Simple Haskell Functions
Haskell, Iteration 2
For this Haskell iteration, you'll be writing some more factorial functions.
Do all of your work in
languages/haskell/factorial.
Pattern Matching
You already have this definition in
Factorial.hs:
factorial 0 = 1 factorial n = n * factorial (n-1)
Open up any mathematics book that contains a definition of factorial, and it'll look nearly identical to this.
You're using a very basic, numeric pattern
matching here. The first definition says that if
factorial is called with the argument 0,
then the result should be 1. When that doesn't match,
the alternative is tried, and since n will match any
number, it's triggered, and no matter patterns are needed.
Let's rewrite this with a more interesting pattern. But first, write some tests.
In FactorialTest.hs, write tests for
factorial2. (That is, create a variable
factorial2Tests which makes all the same assertions as
factorialTests, but using factorial2
instead of factorial. Add factorial2Tests
to the main function.)
Compile the code, and see the compiler error.

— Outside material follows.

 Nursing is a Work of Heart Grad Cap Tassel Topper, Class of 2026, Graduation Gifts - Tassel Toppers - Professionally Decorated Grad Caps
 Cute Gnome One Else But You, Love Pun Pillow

Get rid of the compilation error with a dummy definition to make sure the tests are being run.
Define factorial2 n = 0.
Compile the code, and run for a red bar.
Try this definition of factorial2:
factorial2 0 = 1 factorial2 (n+1) = (n+1) * factorial2 n
Enter this definition into the Factorial module,
compile, and run the tests for a green bar.

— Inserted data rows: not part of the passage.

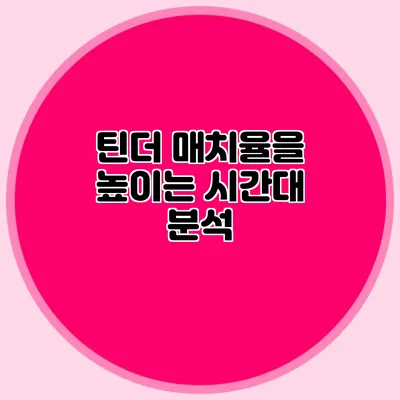 틴더 매치율을 높이는 시간대 분석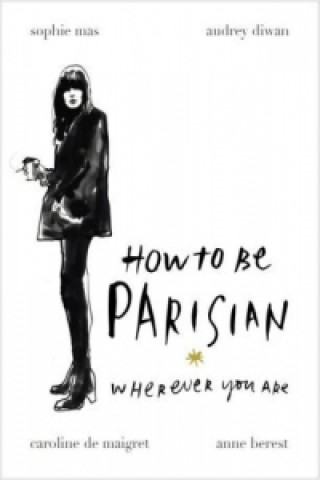 Kniha How To Be Parisian Sophie Mas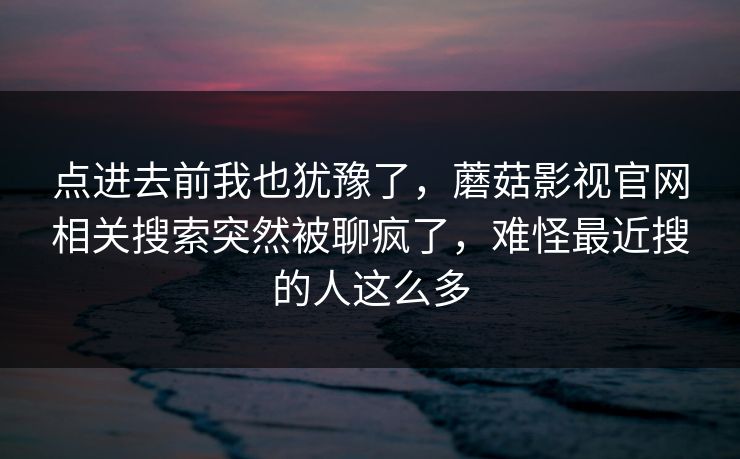 点进去前我也犹豫了,蘑菇影视官网相关搜索突然被聊疯了,难怪最近搜的人这么多 点进去前我也犹豫了,蘑菇影视官网相关搜索突然被聊疯了,难怪最近搜的人这么多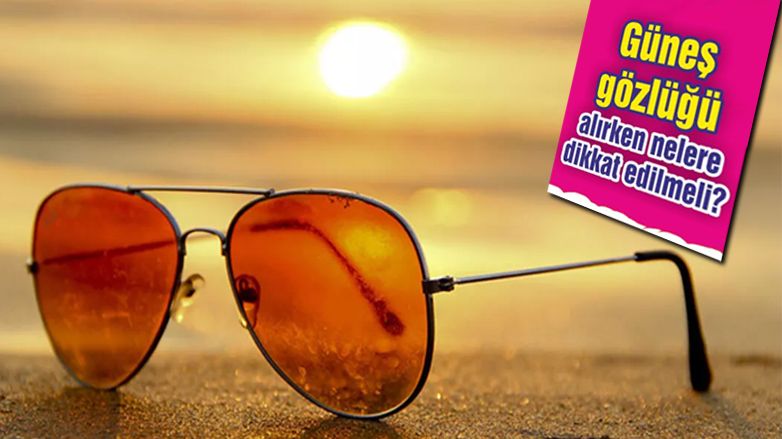 Güneş gözlüğü seçiminde dikkat edilmesi gereken noktalar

In this case, there's perhaps little reason to write it this way
since you have to use (n+1) on the right hand side,
but in some cases this ability to match a computation is kind of
nice.
When you start using interesting data structures, this pattern matching will become really nice.
Boring If Expression
In just about any other language, you'd write the factorial
computation using an if expression or statement.
Haskell has one.
- Write tests for
factorialIf. Compile for an error. - Write a dummy definition for
factorialIf. Compile, and red bar.
Since there's no pattern matching to do, you'll just need
factorialIf n as the functions signature. You just
need to know the syntax of an if expression.
Read the brief
"if Expressions" section at WikiBooks.
Have you noticed that not once have you ever explicitly
returned a value from a Haskell function? That's
because returning a value is the default action. (In fact,
return is a function for a very special context.)

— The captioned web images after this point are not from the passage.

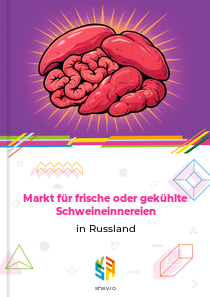 Markt für frische oder gekühlte Schweineinnereien in Russland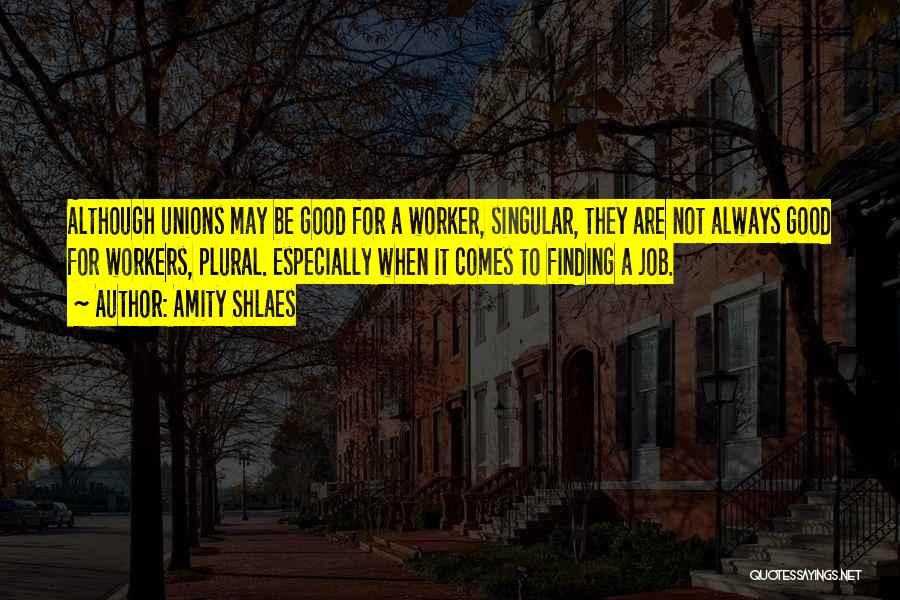 Amity Shlaes Quotes: Although Unions May Be Good For A Worker, Singular, They Are Not Always Good For Workers, Plural. Especially When It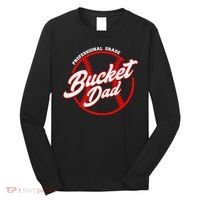Bucket Dad Baseball Softball Pitcher Catcher Long Sleeve Shirt thumb 0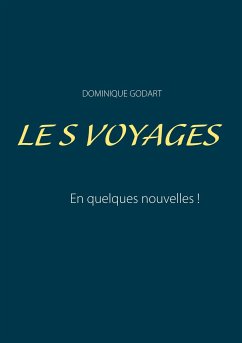 les voyages - Godart, Dominique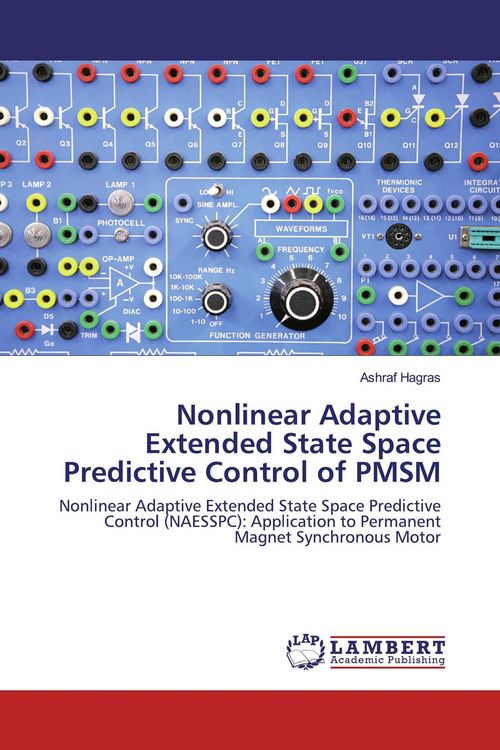 Produktbild: Nonlinear Adaptive Extended State Space Predictive Control of PMSM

That's why I keep calling it an "if
expression".
Now the definition can fit on one line:
factorialIf n = if n == 0 then 1 else n * factorialIf (n-1)
If you want to add some line breaks, feel free. (But follow the indenting suggestions of the WikiBook.)
Write a good definition of factorialIf, compile,
and green bar.
Guards
Other languages also have guards (like Perl and Ruby), but they
usually employ keywords like if and
unless and they come at the end of an
expression. In Haskell, a guard is always part of the declaration
and is an implicit if.
A guard is a boolean expression which works a little bit like pattern matching in Haskell.
- Write tests for
factorialGuards. Compile for an error. - Write a dummy definition for
factorialGuards. Compile, and red bar.
Get an idea what they're about:
Read the section "Guards".
Here's what I came up with using guards:
factorialGuards n | n == 0 = 1 | otherwise = n * factorialGuards (n-1)
Define factorialGuards, compile, and green bar.
So, Which One's Best?
As best I can tell (and infer), there's no performance advantage
one way or the other with any of these styles. It mostly comes down
to what version is the most expressive. I'd expect to see an
implementation of a function like factorial written like
factorial or factorialGuards. If you have
a computation that can be broken down this same way, those are the
styles I'd look at first.
And if performance were really an issue, we'd use this definition:
factorial n = product [1..n]
This is very fast for reasons that we'll explore later. But it demonstrates something important about Haskell. Functional programming has this rap for being all about recursive programming. That's the least of its powers. It's true power comes from functional composition and treating functions as first-class objects. When you use a language the way it was intended, you (hopefully) get code that's easier to read and executes faster.